Over the last 250 years there have been four American constitutions. Each has resulted in a different form of government. We have seen three thus far, and now are on the cusp of a fourth.

The first constitution, in the prerevolutionary thirteen colonies, was one of Crown government, in which royal governors exercised enormous powers. This was swept aside by the American Revolution, and (after the interregnum of the Articles of Confederation) the Framers, at their Convention in Philadelphia in the summer of 1787, produced the second constitution, one designed to correct the flaws of Crown government and the Articles of Confederation. What they proposed was a form of congressional government, with power centered in a Senate and House of Representatives.

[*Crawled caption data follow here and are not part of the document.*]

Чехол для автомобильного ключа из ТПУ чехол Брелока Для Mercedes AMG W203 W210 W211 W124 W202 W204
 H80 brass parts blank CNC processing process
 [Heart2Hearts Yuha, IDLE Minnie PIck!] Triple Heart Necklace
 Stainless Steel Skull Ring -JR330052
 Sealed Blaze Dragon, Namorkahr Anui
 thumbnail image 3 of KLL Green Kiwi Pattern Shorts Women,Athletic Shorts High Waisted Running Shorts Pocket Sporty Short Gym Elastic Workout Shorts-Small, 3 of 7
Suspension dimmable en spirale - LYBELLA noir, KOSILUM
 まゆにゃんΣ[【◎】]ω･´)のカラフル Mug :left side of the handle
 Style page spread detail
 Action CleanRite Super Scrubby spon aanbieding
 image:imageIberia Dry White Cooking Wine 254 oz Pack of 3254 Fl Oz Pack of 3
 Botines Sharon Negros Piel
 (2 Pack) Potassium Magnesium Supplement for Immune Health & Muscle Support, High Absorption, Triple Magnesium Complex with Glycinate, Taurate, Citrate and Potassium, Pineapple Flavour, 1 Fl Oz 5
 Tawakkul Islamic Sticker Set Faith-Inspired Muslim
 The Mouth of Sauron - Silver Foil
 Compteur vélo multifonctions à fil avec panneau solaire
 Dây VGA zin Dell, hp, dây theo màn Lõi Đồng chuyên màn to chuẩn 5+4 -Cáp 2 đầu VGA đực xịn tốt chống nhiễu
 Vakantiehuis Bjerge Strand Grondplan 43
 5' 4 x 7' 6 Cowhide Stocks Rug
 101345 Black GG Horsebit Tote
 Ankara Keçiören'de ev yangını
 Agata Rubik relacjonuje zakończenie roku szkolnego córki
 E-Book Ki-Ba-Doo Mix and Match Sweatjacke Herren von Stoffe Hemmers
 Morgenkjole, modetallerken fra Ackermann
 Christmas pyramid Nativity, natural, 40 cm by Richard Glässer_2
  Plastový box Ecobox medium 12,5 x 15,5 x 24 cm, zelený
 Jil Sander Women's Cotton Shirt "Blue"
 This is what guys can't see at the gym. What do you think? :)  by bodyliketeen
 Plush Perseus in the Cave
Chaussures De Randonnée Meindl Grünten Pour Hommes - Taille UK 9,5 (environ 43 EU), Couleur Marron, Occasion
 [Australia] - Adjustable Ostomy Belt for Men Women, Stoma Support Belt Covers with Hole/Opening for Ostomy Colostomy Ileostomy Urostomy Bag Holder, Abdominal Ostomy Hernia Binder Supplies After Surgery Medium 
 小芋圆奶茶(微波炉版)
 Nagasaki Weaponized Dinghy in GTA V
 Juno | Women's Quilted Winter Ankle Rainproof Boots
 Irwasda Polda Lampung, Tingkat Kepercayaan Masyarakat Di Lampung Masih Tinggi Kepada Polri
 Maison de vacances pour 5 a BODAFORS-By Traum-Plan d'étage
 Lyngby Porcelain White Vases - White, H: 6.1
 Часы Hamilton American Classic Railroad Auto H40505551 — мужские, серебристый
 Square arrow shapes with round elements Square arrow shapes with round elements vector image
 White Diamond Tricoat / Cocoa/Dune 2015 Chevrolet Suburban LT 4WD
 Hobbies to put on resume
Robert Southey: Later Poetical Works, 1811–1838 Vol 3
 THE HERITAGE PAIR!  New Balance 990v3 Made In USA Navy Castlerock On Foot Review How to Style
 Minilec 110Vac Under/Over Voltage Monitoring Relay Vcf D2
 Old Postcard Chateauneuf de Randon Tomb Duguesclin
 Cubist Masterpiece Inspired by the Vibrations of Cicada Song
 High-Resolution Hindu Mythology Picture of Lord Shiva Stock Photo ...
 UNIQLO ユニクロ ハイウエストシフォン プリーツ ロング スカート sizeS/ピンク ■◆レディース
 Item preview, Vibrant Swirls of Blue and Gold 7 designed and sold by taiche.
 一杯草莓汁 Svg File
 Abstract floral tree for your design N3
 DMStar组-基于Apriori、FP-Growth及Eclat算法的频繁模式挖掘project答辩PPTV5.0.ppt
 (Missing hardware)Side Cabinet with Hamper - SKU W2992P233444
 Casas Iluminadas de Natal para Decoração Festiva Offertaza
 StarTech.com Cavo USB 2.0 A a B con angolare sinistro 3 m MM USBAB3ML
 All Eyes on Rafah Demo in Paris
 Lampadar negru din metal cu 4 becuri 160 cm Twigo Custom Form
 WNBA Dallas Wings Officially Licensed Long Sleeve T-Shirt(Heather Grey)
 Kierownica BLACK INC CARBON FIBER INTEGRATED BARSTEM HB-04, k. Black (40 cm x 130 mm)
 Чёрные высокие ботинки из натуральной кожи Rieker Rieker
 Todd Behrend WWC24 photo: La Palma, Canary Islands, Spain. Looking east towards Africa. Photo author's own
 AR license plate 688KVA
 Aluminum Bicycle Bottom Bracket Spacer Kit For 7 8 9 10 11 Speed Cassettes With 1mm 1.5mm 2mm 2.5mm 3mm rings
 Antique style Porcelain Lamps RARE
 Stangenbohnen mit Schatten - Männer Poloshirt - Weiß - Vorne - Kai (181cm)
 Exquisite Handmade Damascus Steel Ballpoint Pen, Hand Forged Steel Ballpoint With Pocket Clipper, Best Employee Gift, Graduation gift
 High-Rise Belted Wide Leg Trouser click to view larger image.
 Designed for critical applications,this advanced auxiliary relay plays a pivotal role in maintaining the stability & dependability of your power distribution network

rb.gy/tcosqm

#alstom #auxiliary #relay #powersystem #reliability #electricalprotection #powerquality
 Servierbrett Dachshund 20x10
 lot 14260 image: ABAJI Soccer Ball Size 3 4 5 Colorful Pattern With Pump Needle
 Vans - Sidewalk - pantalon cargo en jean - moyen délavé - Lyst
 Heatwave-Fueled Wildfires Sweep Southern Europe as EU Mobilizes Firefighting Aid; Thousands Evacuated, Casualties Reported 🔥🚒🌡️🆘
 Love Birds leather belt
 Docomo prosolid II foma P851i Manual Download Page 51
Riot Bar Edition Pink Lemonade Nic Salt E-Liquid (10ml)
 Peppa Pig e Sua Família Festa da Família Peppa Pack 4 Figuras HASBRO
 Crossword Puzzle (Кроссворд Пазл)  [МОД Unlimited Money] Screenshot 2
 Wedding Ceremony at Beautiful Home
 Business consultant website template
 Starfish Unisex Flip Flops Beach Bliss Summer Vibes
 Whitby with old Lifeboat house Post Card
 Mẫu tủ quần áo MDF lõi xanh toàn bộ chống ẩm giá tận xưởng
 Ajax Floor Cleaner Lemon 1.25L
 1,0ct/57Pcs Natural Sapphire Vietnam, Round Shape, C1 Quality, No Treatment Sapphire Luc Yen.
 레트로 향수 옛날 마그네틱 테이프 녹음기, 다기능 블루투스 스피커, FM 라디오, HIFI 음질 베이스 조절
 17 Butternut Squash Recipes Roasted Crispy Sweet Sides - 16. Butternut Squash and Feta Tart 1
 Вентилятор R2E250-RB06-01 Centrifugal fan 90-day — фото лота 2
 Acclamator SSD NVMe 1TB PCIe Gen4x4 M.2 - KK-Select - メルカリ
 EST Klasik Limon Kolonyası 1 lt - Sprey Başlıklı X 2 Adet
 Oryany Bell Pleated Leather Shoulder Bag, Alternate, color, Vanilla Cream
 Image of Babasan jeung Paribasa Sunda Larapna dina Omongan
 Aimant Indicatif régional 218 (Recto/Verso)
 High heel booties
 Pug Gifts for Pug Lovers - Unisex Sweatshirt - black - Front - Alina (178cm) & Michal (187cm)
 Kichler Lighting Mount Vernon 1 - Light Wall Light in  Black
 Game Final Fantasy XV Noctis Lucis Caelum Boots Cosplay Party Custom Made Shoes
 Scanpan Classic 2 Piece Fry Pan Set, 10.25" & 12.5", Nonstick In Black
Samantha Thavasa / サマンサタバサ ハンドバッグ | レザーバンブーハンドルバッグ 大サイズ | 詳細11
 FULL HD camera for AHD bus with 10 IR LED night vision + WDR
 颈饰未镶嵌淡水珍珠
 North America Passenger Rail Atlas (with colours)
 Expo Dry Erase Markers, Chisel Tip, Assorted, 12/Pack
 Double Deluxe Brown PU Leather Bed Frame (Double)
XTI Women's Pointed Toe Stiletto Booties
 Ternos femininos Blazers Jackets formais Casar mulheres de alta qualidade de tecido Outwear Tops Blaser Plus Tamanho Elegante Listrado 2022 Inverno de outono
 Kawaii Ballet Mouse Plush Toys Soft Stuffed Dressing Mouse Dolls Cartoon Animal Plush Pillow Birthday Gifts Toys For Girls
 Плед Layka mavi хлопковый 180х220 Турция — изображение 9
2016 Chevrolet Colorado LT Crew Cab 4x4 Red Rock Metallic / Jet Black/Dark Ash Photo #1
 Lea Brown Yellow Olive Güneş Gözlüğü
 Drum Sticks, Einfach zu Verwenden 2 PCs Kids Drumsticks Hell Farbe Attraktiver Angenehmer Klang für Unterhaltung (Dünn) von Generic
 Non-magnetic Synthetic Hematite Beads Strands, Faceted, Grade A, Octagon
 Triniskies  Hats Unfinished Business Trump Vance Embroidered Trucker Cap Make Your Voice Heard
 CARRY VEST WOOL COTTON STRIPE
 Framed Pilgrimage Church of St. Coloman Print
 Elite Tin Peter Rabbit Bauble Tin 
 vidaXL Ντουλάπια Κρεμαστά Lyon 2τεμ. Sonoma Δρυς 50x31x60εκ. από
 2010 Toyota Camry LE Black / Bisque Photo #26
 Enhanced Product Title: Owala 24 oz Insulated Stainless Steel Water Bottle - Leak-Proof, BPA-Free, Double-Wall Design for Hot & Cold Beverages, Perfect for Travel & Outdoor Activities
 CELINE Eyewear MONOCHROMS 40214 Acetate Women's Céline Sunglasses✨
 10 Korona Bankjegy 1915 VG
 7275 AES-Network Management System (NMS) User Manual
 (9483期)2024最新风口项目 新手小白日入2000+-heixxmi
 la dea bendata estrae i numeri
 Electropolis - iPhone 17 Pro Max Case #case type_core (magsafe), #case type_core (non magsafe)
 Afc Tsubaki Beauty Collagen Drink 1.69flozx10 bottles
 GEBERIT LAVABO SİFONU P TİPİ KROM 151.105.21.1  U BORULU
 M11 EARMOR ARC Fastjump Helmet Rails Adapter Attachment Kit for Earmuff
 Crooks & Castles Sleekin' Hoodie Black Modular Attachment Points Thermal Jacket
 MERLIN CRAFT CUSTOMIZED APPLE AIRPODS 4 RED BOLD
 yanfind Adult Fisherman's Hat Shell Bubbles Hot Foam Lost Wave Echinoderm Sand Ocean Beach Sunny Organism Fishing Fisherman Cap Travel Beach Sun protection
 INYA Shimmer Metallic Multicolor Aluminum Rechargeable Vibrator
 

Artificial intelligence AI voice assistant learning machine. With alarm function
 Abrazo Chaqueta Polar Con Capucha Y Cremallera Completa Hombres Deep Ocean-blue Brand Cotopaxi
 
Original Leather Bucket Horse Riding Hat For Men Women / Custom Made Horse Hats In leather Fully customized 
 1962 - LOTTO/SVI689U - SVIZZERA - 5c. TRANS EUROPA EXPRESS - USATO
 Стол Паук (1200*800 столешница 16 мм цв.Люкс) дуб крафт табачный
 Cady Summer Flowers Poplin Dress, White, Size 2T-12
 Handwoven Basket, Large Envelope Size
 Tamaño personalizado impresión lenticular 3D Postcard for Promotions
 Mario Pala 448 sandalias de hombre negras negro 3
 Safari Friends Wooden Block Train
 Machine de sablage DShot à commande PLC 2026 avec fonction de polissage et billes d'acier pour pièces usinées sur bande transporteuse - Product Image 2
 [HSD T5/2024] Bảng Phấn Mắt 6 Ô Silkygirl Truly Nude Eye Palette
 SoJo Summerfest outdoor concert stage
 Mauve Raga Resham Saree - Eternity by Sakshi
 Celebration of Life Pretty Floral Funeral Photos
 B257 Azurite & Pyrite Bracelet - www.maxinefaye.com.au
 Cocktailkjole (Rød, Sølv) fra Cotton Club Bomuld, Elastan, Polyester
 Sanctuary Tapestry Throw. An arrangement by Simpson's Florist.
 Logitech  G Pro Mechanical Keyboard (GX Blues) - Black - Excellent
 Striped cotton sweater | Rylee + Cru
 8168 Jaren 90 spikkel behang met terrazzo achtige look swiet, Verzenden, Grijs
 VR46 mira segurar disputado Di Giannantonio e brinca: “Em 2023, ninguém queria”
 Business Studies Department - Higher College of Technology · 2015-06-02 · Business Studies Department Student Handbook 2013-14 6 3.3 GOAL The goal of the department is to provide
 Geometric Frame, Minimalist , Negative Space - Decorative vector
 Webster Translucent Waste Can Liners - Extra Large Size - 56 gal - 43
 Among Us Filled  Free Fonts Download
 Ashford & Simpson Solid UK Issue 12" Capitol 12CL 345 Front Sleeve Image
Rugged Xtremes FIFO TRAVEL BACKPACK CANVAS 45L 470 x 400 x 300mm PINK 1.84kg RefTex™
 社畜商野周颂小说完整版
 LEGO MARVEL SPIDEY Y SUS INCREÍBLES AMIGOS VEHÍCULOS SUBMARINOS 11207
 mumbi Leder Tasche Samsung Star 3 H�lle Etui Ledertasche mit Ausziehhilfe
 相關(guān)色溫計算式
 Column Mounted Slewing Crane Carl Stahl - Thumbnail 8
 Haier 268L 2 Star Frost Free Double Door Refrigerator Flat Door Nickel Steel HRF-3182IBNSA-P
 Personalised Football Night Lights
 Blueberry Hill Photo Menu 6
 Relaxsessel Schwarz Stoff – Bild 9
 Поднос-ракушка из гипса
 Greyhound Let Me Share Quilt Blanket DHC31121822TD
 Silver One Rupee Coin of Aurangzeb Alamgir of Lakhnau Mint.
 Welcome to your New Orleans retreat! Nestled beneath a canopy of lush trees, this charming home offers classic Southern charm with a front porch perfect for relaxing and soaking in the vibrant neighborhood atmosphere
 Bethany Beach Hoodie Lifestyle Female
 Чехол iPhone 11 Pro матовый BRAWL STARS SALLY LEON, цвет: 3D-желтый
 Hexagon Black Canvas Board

The third constitution was one of separation of powers, of power divided between the legislative and executive branches. Its seeds were found in the second constitution, and matured over the next fifty years, as the president came to be popularly elected, and his office emerged as the modern executive—commanding, decisive, and possessing all the authority of the only person elected by the nation at large. Contrary to popular belief, this was not what the Framers had intended. It was not even what James Madison had wanted at the Philadelphia Convention, although it is often referred to as the Madisonian Constitution because of his defense of separationism in the Federalist Papers.1 Instead, the separation of powers between the executive and legislative branches is much more a creature of the unexpected rise of democracy.

We have now entered into a fourth constitution, one of strong presidential government. The executive has slipped off many of the constraints of the separation of powers. The president makes and unmakes laws without the consent of Congress and spends trillions of government dollars; and the greatest of decisions—whether to commit his country to war—is made by him alone. His ability to reward friends and punish enemies exceeds anything seen in the past. He is rex quondam, rex futurus—the once and future king. And all of this is irreversible.

The long arc of American constitutional government has bent from the monarchical principle of the colonial period to congressional government, then to the separation of powers, and finally back again to Crown government and rule by a single person. The same pattern can be observed in Britain’s Westminster system of parliamentary government, which was exported first to Canada, and then throughout the Commonwealth. As in America, there have been four British constitutions since the Revolutionary War.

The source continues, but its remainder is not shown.